My husband Charles noted the similarities between this story and The Ace of Hearts (1921), a Goldwyn Pictures film based on a magazine serial and novel by Gouverneur Morris, and it’s not clear which came first. Westover’s novel came out in 1912 and Morris’s in 1917, while The Tong Man was made in 1919 and The Ace of Hearts in 1921, so The Tong Man seems to have been first – though the situation, a basically decent man forced by his membership in an evil organization to murder someone he loves, had probably been used plenty of times before. Hayakawa plays Luk Chan, member of the tong run by Ming Tai (Mark Robbins) and boyfriend of Sen Chee (Helen Jerome Eddy). Alas, Sen Chee’s father, opium dealer Louie Toy (Toyo Fujita), has run afoul of the tong by refusing their demands for protection money. Ming Tai has fallen in love – or at least lust – with Sen Chee, and he insists as part of his demands on Toy that he be given Sen Chee’s hand in marriage. Naturally, Sen Chee wants nothing to do with him, especially in the bedroom. So Ming Tai convenes a meeting of the tong leadership to decide whether to kill Louie Toy for defying them – and once they give the go-code to kill him, they draw lots to see who will actually commit the murder. Of course Luk Chan gets the assignment to kill Louie Toy, and he’s saved from having to do so only through the intervention of his friend Lucero (Yutaka Abe), a so-called “lascar” (defined on Wikipedia as “a sailor or militiaman from the Indian subcontinent, Southeast Asia, the Arab world, British Somaliland or other lands east of the Cape of Good Hope who was employed on European ships from the 16th century until the mid-20th century”) who works out a way to fake Louie Toy’s assassination by hiding him inside a secret panel that looks like a dragon’s head. Alas, Ming Tai emerges from the dragon’s head and claims Sen Chee as his bride.
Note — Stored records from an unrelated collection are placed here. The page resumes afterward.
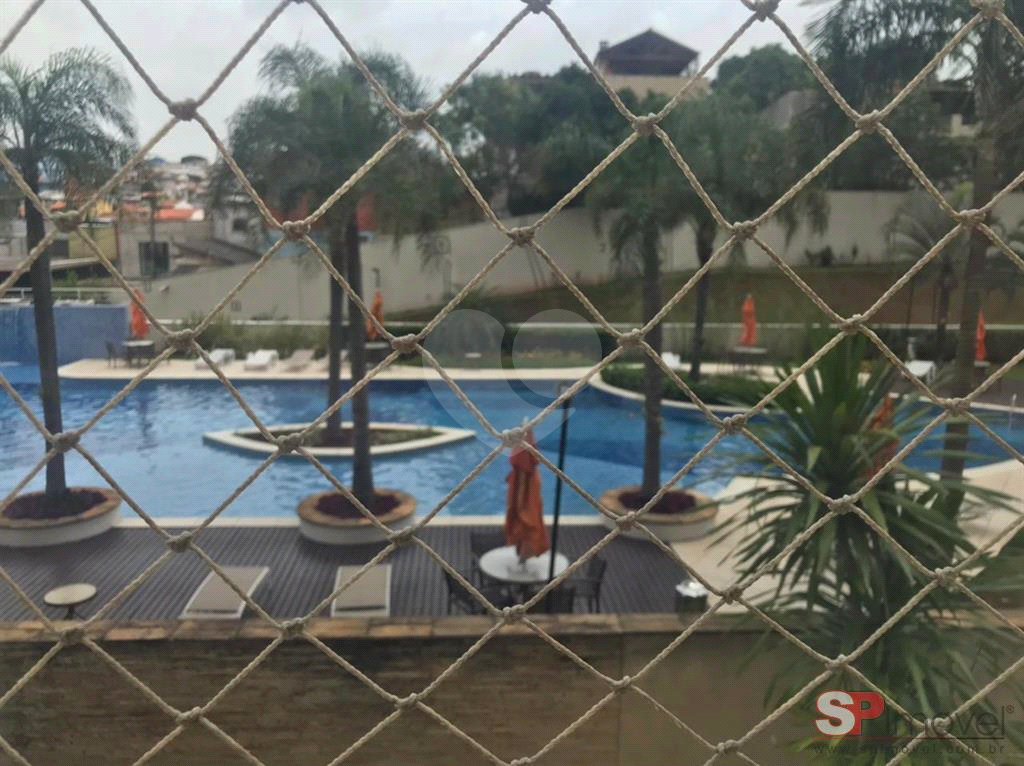 AP ALTO PADRÃO CONDOMINIO CLUBE 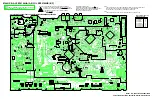 Preview for 99 page of Panasonic DoubleFeature PV-D4734S Service Manual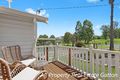 Property photo of 45 Karina Street Placid Hills QLD 4343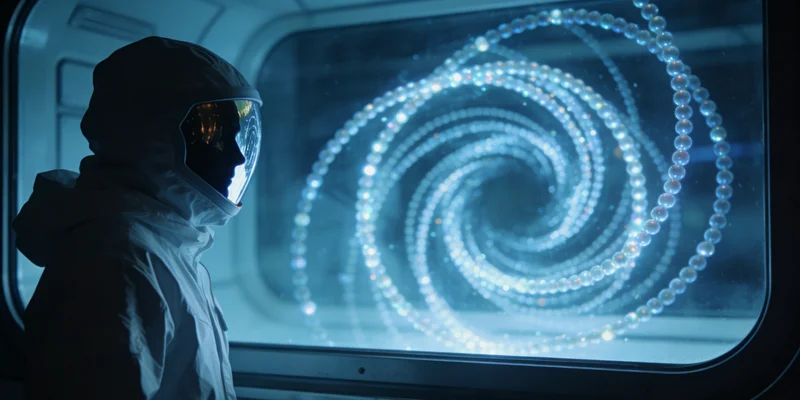 蛟河家庭健康与遗传关系示意图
At one point she tries to commit suicide with a packet of poisoned incense she got from her father’s stash, and for a while (especially since the titles had name-checked Romeo and Juliet) I thought that Luk Chan was going to join her, inhale the deadly incense (which my husband Charles compared to the fumes of the poisonous Datura plant with which the title character of Leo Delibes’s opera Lakmé offs herself), and die with her. Instead, along with Lucero, she and Luk Chan get on an ocean liner and escape to China. The Tong Man is an awkward movie, surprisingly racist given Hayakawa’s stated motives in founding Haworth in the first place, and with weak direction by Worthington – who’d acquitted himself marvelously in the more fable-like The Dragon Painter. The film is dull as dishwater and doesn’t really start to move until the final scenes representing the tong on the march against their recalcitrant member. While at least this one survived with the original English intertitles and didn’t have to be pieced together from multiple prints from other countries, it’s mostly a curio and Hayakawa’s acting is the only good thing about it. Critics both then and now have also attacked it for the many white actors in “yellowface” playing Asian characters. Helen Jerome Eddy must have had some box-office appeal then, since she’s billed under Hayakawa on his title card, but today one wonders why he didn’t cast his wife Tsuru Aoki as Sen Chee instead!